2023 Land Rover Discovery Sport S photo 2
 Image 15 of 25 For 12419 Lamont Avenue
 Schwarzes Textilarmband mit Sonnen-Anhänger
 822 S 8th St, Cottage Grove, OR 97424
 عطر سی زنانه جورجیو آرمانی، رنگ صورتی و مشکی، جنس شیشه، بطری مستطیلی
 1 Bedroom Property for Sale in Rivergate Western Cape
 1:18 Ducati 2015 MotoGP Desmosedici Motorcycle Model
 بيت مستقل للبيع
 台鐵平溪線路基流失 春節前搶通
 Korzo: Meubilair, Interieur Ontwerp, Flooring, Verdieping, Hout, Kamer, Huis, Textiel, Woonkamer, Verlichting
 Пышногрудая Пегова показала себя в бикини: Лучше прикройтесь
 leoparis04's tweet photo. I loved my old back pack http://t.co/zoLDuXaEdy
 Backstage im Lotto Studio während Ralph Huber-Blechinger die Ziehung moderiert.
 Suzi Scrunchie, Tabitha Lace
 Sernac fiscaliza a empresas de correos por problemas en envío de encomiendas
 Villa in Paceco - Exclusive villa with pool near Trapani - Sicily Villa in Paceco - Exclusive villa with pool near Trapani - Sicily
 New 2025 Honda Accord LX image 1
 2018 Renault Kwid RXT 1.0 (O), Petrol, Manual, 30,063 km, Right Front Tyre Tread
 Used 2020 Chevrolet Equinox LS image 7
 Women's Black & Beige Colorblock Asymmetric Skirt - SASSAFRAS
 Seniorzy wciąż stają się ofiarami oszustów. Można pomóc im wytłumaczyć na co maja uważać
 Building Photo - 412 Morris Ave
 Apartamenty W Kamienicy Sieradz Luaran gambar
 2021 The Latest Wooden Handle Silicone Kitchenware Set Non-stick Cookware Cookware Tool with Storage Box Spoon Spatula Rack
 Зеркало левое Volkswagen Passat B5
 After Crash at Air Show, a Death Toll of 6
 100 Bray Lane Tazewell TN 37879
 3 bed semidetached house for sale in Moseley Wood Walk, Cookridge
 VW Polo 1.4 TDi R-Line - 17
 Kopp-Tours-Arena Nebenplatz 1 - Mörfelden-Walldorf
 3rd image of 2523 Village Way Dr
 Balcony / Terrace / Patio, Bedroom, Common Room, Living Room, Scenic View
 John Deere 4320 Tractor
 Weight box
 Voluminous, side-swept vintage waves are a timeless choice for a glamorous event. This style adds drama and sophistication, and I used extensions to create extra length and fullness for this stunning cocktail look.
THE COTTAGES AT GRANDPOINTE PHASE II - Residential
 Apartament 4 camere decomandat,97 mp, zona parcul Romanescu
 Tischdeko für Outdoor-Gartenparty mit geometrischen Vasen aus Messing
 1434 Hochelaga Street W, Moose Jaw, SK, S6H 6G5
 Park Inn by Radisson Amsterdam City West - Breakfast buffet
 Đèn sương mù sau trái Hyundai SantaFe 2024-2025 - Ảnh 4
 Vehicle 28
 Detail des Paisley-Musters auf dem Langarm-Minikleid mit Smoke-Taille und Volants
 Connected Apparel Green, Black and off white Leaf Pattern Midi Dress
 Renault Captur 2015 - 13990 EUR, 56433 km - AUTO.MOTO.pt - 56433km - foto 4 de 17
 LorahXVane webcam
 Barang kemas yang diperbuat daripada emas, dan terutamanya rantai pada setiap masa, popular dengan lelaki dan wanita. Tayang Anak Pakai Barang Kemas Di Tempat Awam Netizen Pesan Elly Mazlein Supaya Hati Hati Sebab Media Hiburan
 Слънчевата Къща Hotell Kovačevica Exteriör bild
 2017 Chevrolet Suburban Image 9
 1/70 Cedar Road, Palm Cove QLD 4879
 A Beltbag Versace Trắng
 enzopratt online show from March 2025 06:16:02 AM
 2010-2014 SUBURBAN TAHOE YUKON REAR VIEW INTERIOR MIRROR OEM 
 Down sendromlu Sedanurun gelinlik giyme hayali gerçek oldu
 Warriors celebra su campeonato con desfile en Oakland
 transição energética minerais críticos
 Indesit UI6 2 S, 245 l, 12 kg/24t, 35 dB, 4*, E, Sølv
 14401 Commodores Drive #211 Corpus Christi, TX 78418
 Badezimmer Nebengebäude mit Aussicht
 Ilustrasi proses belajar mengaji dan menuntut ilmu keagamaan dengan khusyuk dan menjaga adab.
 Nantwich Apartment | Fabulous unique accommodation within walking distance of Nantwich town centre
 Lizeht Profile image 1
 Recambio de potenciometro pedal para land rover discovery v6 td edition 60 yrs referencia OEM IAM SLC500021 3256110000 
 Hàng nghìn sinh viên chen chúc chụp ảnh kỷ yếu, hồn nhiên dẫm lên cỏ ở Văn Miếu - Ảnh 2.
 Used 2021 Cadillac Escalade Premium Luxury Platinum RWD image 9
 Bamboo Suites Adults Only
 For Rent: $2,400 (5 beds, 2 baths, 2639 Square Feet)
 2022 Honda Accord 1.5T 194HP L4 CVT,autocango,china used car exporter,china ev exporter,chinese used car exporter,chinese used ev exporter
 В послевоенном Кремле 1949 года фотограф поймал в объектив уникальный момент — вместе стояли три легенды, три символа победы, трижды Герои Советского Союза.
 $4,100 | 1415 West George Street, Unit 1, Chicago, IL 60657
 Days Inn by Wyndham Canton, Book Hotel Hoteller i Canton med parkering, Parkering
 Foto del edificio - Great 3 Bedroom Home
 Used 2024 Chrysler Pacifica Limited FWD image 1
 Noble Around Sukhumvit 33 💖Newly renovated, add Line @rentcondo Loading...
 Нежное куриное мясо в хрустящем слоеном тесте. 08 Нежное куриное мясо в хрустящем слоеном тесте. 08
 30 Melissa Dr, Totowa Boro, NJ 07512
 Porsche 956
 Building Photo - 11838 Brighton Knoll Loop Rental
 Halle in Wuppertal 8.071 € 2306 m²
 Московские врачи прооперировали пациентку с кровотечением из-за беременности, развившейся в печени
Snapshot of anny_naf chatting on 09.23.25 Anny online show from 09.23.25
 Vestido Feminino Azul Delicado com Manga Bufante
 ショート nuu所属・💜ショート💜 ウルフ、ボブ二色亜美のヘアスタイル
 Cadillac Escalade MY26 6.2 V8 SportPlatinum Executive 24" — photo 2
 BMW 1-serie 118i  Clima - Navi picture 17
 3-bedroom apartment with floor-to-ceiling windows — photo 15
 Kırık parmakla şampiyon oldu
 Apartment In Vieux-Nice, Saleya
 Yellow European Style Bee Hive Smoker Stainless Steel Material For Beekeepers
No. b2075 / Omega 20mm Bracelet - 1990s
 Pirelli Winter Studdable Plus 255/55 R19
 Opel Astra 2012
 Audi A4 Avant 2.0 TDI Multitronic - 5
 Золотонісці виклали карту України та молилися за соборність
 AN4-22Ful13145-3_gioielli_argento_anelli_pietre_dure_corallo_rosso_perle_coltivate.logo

-----

■ REQUIREMENT ■
Output the records exactly, so that each line matches what was given.

■ RESPONSE BOX ■
2023 Land Rover Discovery Sport S photo 2
 Image 15 of 25 For 12419 Lamont Avenue
 Schwarzes Textilarmband mit Sonnen-Anhänger
 822 S 8th St, Cottage Grove, OR 97424
 عطر سی زنانه جورجیو آرمانی، رنگ صورتی و مشکی، جنس شیشه، بطری مستطیلی
 1 Bedroom Property for Sale in Rivergate Western Cape
 1:18 Ducati 2015 MotoGP Desmosedici Motorcycle Model
 بيت مستقل للبيع
 台鐵平溪線路基流失 春節前搶通
 Korzo: Meubilair, Interieur Ontwerp, Flooring, Verdieping, Hout, Kamer, Huis, Textiel, Woonkamer, Verlichting
 Пышногрудая Пегова показала себя в бикини: Лучше прикройтесь
 leoparis04's tweet photo. I loved my old back pack http://t.co/zoLDuXaEdy
 Backstage im Lotto Studio während Ralph Huber-Blechinger die Ziehung moderiert.
 Suzi Scrunchie, Tabitha Lace
 Sernac fiscaliza a empresas de correos por problemas en envío de encomiendas
 Villa in Paceco - Exclusive villa with pool near Trapani - Sicily Villa in Paceco - Exclusive villa with pool near Trapani - Sicily
 New 2025 Honda Accord LX image 1
 2018 Renault Kwid RXT 1.0 (O), Petrol, Manual, 30,063 km, Right Front Tyre Tread
 Used 2020 Chevrolet Equinox LS image 7
 Women's Black & Beige Colorblock Asymmetric Skirt - SASSAFRAS
 Seniorzy wciąż stają się ofiarami oszustów. Można pomóc im wytłumaczyć na co maja uważać
 Building Photo - 412 Morris Ave
 Apartamenty W Kamienicy Sieradz Luaran gambar
 2021 The Latest Wooden Handle Silicone Kitchenware Set Non-stick Cookware Cookware Tool with Storage Box Spoon Spatula Rack
 Зеркало левое Volkswagen Passat B5
 After Crash at Air Show, a Death Toll of 6
 100 Bray Lane Tazewell TN 37879
 3 bed semidetached house for sale in Moseley Wood Walk, Cookridge
 VW Polo 1.4 TDi R-Line - 17
 Kopp-Tours-Arena Nebenplatz 1 - Mörfelden-Walldorf
 3rd image of 2523 Village Way Dr
 Balcony / Terrace / Patio, Bedroom, Common Room, Living Room, Scenic View
 John Deere 4320 Tractor
 Weight box
 Voluminous, side-swept vintage waves are a timeless choice for a glamorous event. This style adds drama and sophistication, and I used extensions to create extra length and fullness for this stunning cocktail look.
THE COTTAGES AT GRANDPOINTE PHASE II - Residential
 Apartament 4 camere decomandat,97 mp, zona parcul Romanescu
 Tischdeko für Outdoor-Gartenparty mit geometrischen Vasen aus Messing
 1434 Hochelaga Street W, Moose Jaw, SK, S6H 6G5
 Park Inn by Radisson Amsterdam City West - Breakfast buffet
 Đèn sương mù sau trái Hyundai SantaFe 2024-2025 - Ảnh 4
 Vehicle 28
 Detail des Paisley-Musters auf dem Langarm-Minikleid mit Smoke-Taille und Volants
 Connected Apparel Green, Black and off white Leaf Pattern Midi Dress
 Renault Captur 2015 - 13990 EUR, 56433 km - AUTO.MOTO.pt - 56433km - foto 4 de 17
 LorahXVane webcam
 Barang kemas yang diperbuat daripada emas, dan terutamanya rantai pada setiap masa, popular dengan lelaki dan wanita. Tayang Anak Pakai Barang Kemas Di Tempat Awam Netizen Pesan Elly Mazlein Supaya Hati Hati Sebab Media Hiburan
 Слънчевата Къща Hotell Kovačevica Exteriör bild
 2017 Chevrolet Suburban Image 9
 1/70 Cedar Road, Palm Cove QLD 4879
 A Beltbag Versace Trắng
 enzopratt online show from March 2025 06:16:02 AM
 2010-2014 SUBURBAN TAHOE YUKON REAR VIEW INTERIOR MIRROR OEM 
 Down sendromlu Sedanurun gelinlik giyme hayali gerçek oldu
 Warriors celebra su campeonato con desfile en Oakland
 transição energética minerais críticos
 Indesit UI6 2 S, 245 l, 12 kg/24t, 35 dB, 4*, E, Sølv
 14401 Commodores Drive #211 Corpus Christi, TX 78418
 Badezimmer Nebengebäude mit Aussicht
 Ilustrasi proses belajar mengaji dan menuntut ilmu keagamaan dengan khusyuk dan menjaga adab.
 Nantwich Apartment | Fabulous unique accommodation within walking distance of Nantwich town centre
 Lizeht Profile image 1
 Recambio de potenciometro pedal para land rover discovery v6 td edition 60 yrs referencia OEM IAM SLC500021 3256110000 
 Hàng nghìn sinh viên chen chúc chụp ảnh kỷ yếu, hồn nhiên dẫm lên cỏ ở Văn Miếu - Ảnh 2.
 Used 2021 Cadillac Escalade Premium Luxury Platinum RWD image 9
 Bamboo Suites Adults Only
 For Rent: $2,400 (5 beds, 2 baths, 2639 Square Feet)
 2022 Honda Accord 1.5T 194HP L4 CVT,autocango,china used car exporter,china ev exporter,chinese used car exporter,chinese used ev exporter
 В послевоенном Кремле 1949 года фотограф поймал в объектив уникальный момент — вместе стояли три легенды, три символа победы, трижды Герои Советского Союза.
 $4,100 | 1415 West George Street, Unit 1, Chicago, IL 60657
 Days Inn by Wyndham Canton, Book Hotel Hoteller i Canton med parkering, Parkering
 Foto del edificio - Great 3 Bedroom Home
 Used 2024 Chrysler Pacifica Limited FWD image 1
 Noble Around Sukhumvit 33 💖Newly renovated, add Line @rentcondo Loading...
 Нежное куриное мясо в хрустящем слоеном тесте. 08 Нежное куриное мясо в хрустящем слоеном тесте. 08
 30 Melissa Dr, Totowa Boro, NJ 07512
 Porsche 956
 Building Photo - 11838 Brighton Knoll Loop Rental
 Halle in Wuppertal 8.071 € 2306 m²
 Московские врачи прооперировали пациентку с кровотечением из-за беременности, развившейся в печени
Snapshot of anny_naf chatting on 09.23.25 Anny online show from 09.23.25
 Vestido Feminino Azul Delicado com Manga Bufante
 ショート nuu所属・💜ショート💜 ウルフ、ボブ二色亜美のヘアスタイル
 Cadillac Escalade MY26 6.2 V8 SportPlatinum Executive 24" — photo 2
 BMW 1-serie 118i  Clima - Navi picture 17
 3-bedroom apartment with floor-to-ceiling windows — photo 15
 Kırık parmakla şampiyon oldu
 Apartment In Vieux-Nice, Saleya
 Yellow European Style Bee Hive Smoker Stainless Steel Material For Beekeepers
No. b2075 / Omega 20mm Bracelet - 1990s
 Pirelli Winter Studdable Plus 255/55 R19
 Opel Astra 2012
 Audi A4 Avant 2.0 TDI Multitronic - 5
 Золотонісці виклали карту України та молилися за соборність
 AN4-22Ful13145-3_gioielli_argento_anelli_pietre_dure_corallo_rosso_perle_coltivate.logo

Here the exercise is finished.